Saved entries
________

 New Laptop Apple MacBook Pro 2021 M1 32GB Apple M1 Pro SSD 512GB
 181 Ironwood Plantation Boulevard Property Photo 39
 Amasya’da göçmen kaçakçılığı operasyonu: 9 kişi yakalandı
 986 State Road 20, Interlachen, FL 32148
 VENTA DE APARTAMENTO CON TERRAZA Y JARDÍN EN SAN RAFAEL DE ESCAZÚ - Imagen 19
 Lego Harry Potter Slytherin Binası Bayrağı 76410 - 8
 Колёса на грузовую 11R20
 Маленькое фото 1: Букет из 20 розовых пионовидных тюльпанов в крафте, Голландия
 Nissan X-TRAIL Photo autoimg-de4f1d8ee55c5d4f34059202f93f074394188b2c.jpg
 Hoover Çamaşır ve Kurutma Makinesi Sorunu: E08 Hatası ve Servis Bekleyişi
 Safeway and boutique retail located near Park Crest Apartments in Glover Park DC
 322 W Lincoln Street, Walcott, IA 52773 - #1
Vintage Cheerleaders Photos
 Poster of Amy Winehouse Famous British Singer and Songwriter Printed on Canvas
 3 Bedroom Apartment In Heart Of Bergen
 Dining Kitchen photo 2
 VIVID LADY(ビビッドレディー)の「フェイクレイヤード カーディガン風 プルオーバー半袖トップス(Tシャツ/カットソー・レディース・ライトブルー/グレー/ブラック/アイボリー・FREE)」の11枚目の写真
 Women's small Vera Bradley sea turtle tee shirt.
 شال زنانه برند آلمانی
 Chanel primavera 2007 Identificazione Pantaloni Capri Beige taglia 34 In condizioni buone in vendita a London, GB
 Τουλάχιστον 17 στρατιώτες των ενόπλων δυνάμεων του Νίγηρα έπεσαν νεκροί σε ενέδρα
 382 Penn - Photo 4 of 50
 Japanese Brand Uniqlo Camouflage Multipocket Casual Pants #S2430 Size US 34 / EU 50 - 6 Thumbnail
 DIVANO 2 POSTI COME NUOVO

________

Directions >> Transcribe verbatim. Cover the lines from the first line of the entries above to the line containing "Lego Harry Potter", inclusive.

Answer below >>
 New Laptop Apple MacBook Pro 2021 M1 32GB Apple M1 Pro SSD 512GB
 181 Ironwood Plantation Boulevard Property Photo 39
 Amasya’da göçmen kaçakçılığı operasyonu: 9 kişi yakalandı
 986 State Road 20, Interlachen, FL 32148
 VENTA DE APARTAMENTO CON TERRAZA Y JARDÍN EN SAN RAFAEL DE ESCAZÚ - Imagen 19
 Lego Harry Potter Slytherin Binası Bayrağı 76410 - 8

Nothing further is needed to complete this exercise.